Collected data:
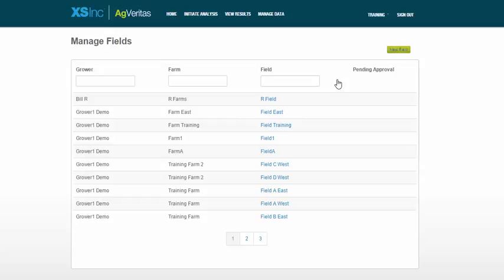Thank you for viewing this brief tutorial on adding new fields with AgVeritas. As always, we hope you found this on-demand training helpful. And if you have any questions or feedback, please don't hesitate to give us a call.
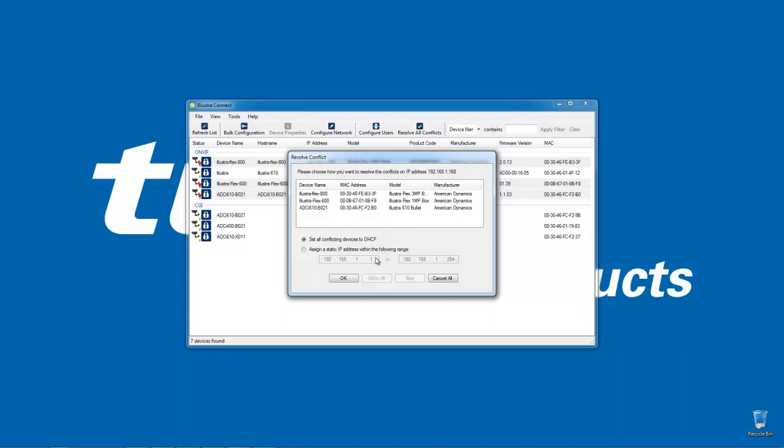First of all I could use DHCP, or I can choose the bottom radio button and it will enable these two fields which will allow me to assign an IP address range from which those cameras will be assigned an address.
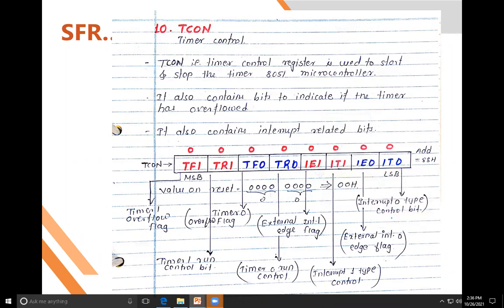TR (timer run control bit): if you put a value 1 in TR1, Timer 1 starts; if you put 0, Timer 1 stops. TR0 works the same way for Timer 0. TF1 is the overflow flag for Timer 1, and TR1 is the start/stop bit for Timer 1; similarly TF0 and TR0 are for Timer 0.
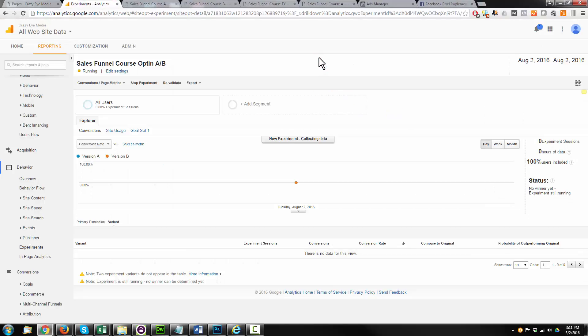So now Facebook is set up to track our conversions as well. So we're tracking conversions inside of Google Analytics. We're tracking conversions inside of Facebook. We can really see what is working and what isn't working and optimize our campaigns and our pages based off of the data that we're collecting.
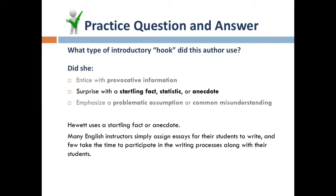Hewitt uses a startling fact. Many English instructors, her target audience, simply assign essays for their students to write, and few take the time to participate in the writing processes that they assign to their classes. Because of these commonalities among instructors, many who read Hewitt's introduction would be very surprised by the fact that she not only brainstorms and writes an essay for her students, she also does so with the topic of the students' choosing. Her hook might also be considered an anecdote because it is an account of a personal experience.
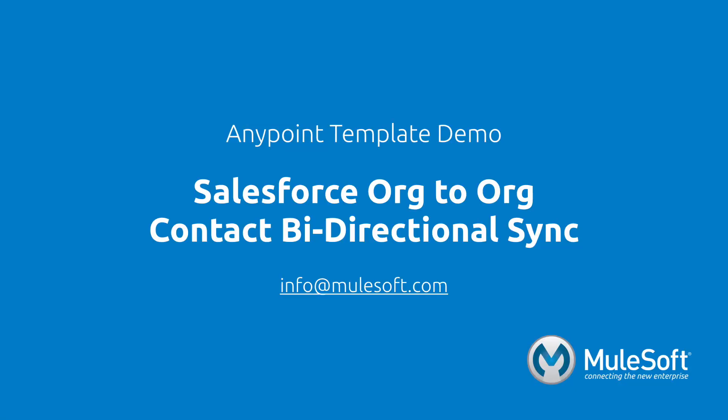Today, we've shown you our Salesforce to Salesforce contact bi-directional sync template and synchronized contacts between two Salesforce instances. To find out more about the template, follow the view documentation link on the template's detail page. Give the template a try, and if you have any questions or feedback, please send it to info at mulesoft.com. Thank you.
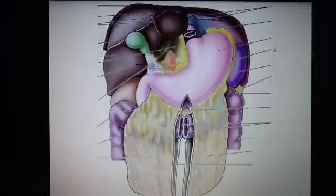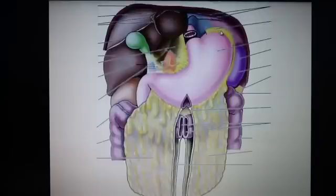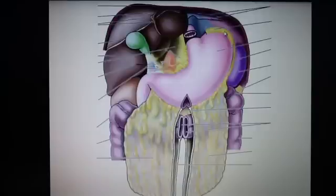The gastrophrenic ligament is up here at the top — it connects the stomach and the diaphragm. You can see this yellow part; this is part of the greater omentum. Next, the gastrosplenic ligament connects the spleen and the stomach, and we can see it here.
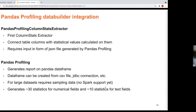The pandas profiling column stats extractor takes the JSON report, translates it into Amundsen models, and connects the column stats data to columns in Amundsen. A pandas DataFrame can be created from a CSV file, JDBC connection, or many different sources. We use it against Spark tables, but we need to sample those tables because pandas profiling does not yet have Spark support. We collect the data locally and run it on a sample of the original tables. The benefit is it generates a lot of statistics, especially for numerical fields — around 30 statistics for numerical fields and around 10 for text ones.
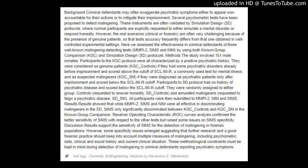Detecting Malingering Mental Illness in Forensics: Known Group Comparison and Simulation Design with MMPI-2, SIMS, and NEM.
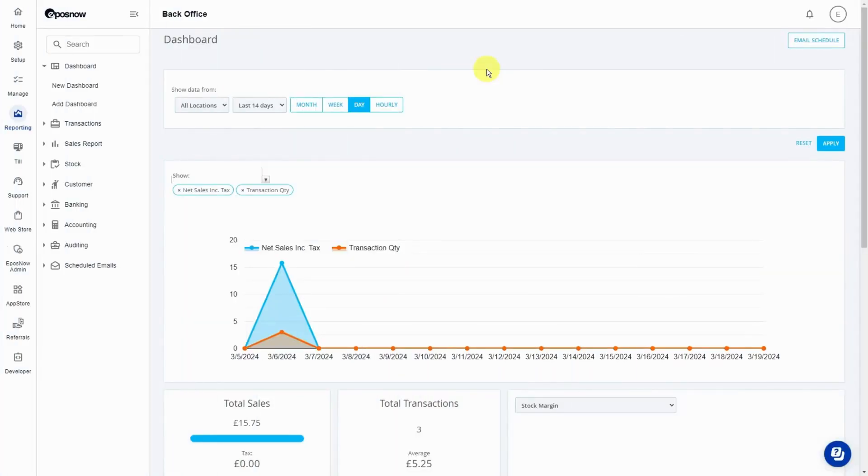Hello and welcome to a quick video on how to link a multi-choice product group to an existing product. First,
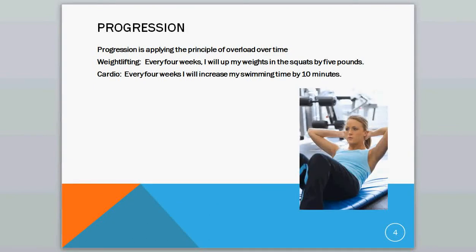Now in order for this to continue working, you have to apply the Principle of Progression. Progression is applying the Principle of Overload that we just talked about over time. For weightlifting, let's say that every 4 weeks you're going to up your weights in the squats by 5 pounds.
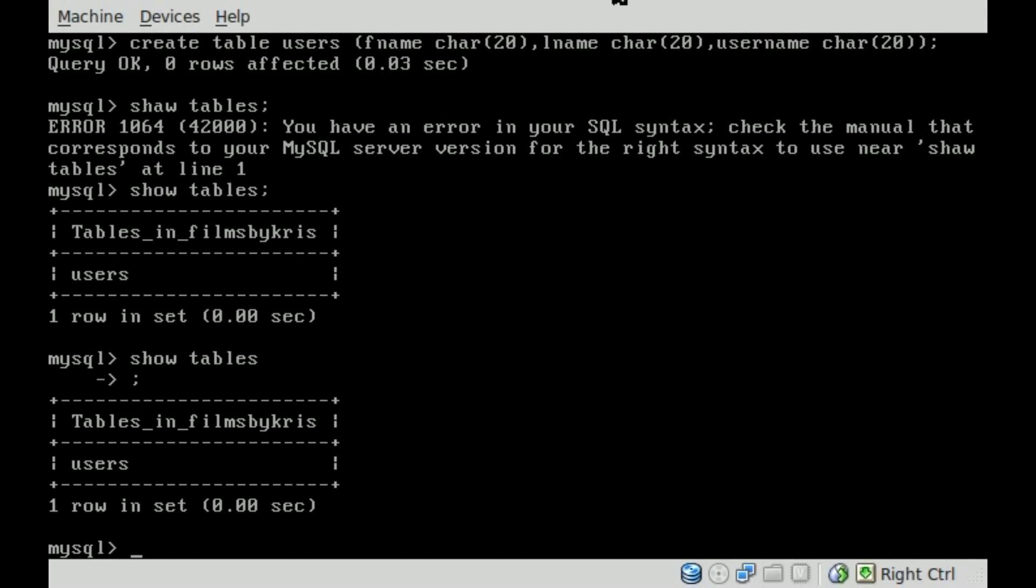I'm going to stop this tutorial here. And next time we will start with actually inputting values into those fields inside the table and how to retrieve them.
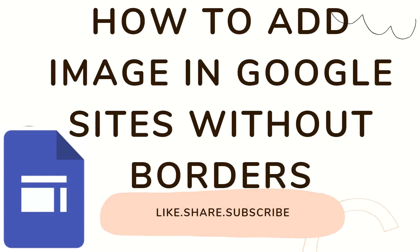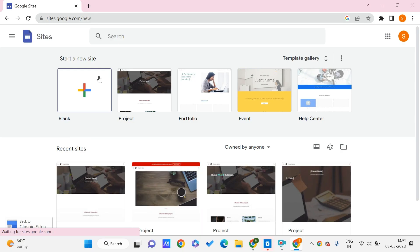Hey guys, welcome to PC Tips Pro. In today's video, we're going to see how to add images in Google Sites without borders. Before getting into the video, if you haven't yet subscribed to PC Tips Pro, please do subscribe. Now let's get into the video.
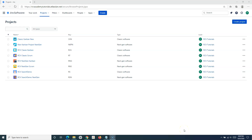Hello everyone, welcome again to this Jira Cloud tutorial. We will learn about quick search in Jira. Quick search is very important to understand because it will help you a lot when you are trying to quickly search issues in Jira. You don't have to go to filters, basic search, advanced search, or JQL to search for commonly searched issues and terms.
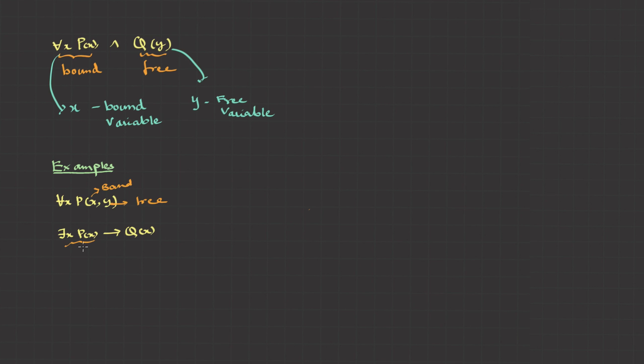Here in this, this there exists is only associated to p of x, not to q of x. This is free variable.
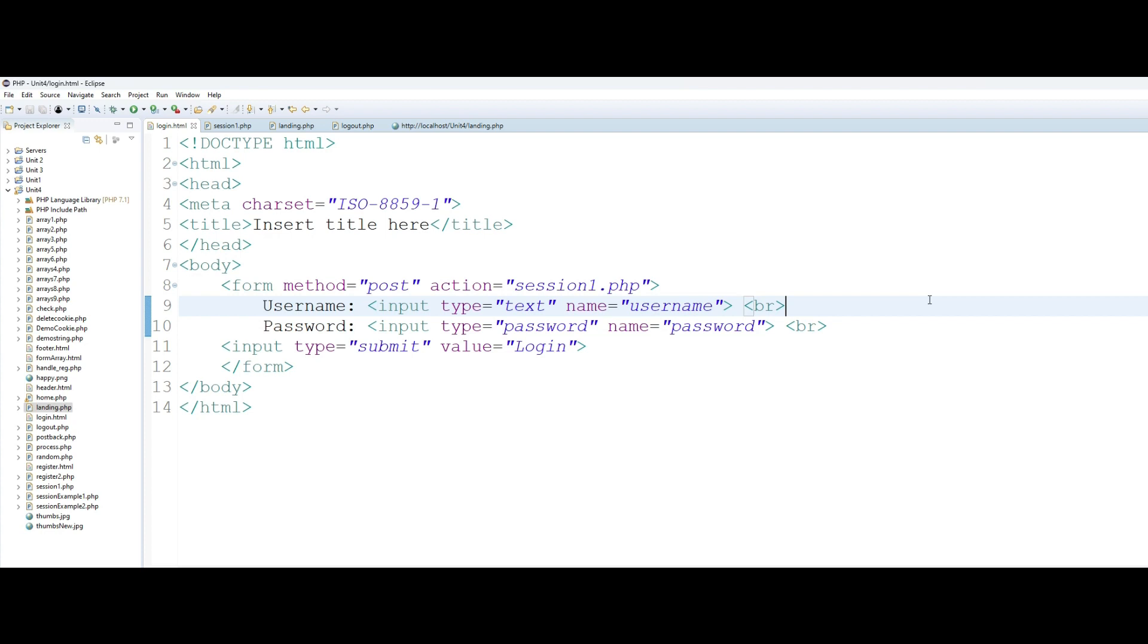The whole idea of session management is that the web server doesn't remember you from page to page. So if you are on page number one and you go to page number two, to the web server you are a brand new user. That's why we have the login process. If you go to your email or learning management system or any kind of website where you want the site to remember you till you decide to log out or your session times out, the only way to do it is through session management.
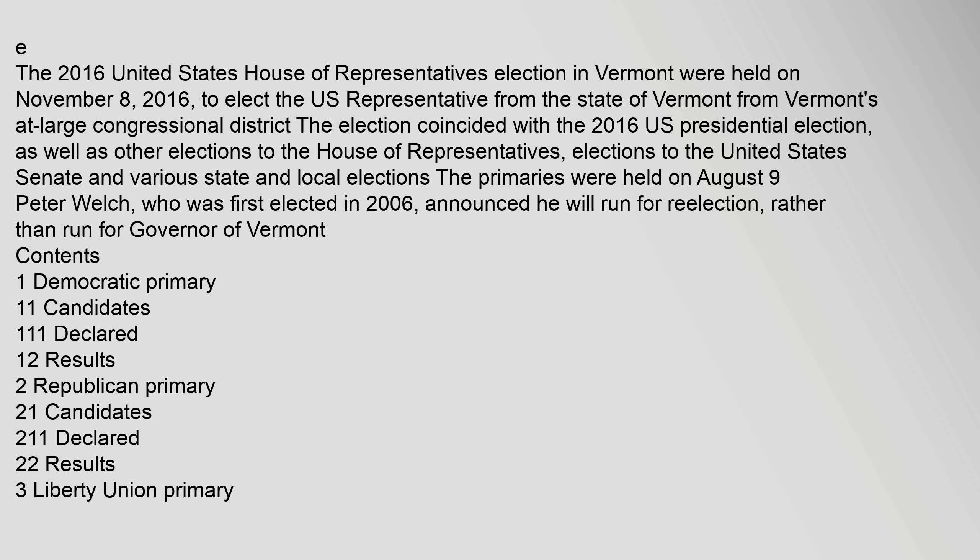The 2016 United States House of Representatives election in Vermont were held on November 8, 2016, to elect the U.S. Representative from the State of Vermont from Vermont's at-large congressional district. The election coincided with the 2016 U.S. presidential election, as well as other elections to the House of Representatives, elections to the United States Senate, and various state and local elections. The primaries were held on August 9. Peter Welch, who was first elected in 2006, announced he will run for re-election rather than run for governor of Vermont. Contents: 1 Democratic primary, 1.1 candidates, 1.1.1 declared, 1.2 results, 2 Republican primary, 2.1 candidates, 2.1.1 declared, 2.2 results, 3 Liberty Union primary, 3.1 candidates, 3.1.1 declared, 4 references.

§ **WHAT YOU HAVE TO DO**
Write out all the entries precisely as given, omitting each image.

§ **REPLY**
Thank you for viewing this brief tutorial on adding new fields with AgVeritas. As always, we hope you found this on-demand training helpful. And if you have any questions or feedback, please don't hesitate to give us a call.
First of all I could use DHCP, or I can choose the bottom radio button and it will enable these two fields which will allow me to assign an IP address range from which those cameras will be assigned an address.
TR (timer run control bit): if you put a value 1 in TR1, Timer 1 starts; if you put 0, Timer 1 stops. TR0 works the same way for Timer 0. TF1 is the overflow flag for Timer 1, and TR1 is the start/stop bit for Timer 1; similarly TF0 and TR0 are for Timer 0.
So now Facebook is set up to track our conversions as well. So we're tracking conversions inside of Google Analytics. We're tracking conversions inside of Facebook. We can really see what is working and what isn't working and optimize our campaigns and our pages based off of the data that we're collecting.
Hewitt uses a startling fact. Many English instructors, her target audience, simply assign essays for their students to write, and few take the time to participate in the writing processes that they assign to their classes. Because of these commonalities among instructors, many who read Hewitt's introduction would be very surprised by the fact that she not only brainstorms and writes an essay for her students, she also does so with the topic of the students' choosing. Her hook might also be considered an anecdote because it is an account of a personal experience.
Today, we've shown you our Salesforce to Salesforce contact bi-directional sync template and synchronized contacts between two Salesforce instances. To find out more about the template, follow the view documentation link on the template's detail page. Give the template a try, and if you have any questions or feedback, please send it to info at mulesoft.com. Thank you.
The gastrophrenic ligament is up here at the top — it connects the stomach and the diaphragm. You can see this yellow part; this is part of the greater omentum. Next, the gastrosplenic ligament connects the spleen and the stomach, and we can see it here.
The pandas profiling column stats extractor takes the JSON report, translates it into Amundsen models, and connects the column stats data to columns in Amundsen. A pandas DataFrame can be created from a CSV file, JDBC connection, or many different sources. We use it against Spark tables, but we need to sample those tables because pandas profiling does not yet have Spark support. We collect the data locally and run it on a sample of the original tables. The benefit is it generates a lot of statistics, especially for numerical fields — around 30 statistics for numerical fields and around 10 for text ones.
Detecting Malingering Mental Illness in Forensics: Known Group Comparison and Simulation Design with MMPI-2, SIMS, and NEM.
Hello and welcome to a quick video on how to link a multi-choice product group to an existing product. First,
Now in order for this to continue working, you have to apply the Principle of Progression. Progression is applying the Principle of Overload that we just talked about over time. For weightlifting, let's say that every 4 weeks you're going to up your weights in the squats by 5 pounds.
I'm going to stop this tutorial here. And next time we will start with actually inputting values into those fields inside the table and how to retrieve them.
Hey guys, welcome to PC Tips Pro. In today's video, we're going to see how to add images in Google Sites without borders. Before getting into the video, if you haven't yet subscribed to PC Tips Pro, please do subscribe. Now let's get into the video.
Hello everyone, welcome again to this Jira Cloud tutorial. We will learn about quick search in Jira. Quick search is very important to understand because it will help you a lot when you are trying to quickly search issues in Jira. You don't have to go to filters, basic search, advanced search, or JQL to search for commonly searched issues and terms.
Here in this, this there exists is only associated to p of x, not to q of x. This is free variable.
The whole idea of session management is that the web server doesn't remember you from page to page. So if you are on page number one and you go to page number two, to the web server you are a brand new user. That's why we have the login process. If you go to your email or learning management system or any kind of website where you want the site to remember you till you decide to log out or your session times out, the only way to do it is through session management.
The 2016 United States House of Representatives election in Vermont were held on November 8, 2016, to elect the U.S. Representative from the State of Vermont from Vermont's at-large congressional district. The election coincided with the 2016 U.S. presidential election, as well as other elections to the House of Representatives, elections to the United States Senate, and various state and local elections. The primaries were held on August 9. Peter Welch, who was first elected in 2006, announced he will run for re-election rather than run for governor of Vermont. Contents: 1 Democratic primary, 1.1 candidates, 1.1.1 declared, 1.2 results, 2 Republican primary, 2.1 candidates, 2.1.1 declared, 2.2 results, 3 Liberty Union primary, 3.1 candidates, 3.1.1 declared, 4 references.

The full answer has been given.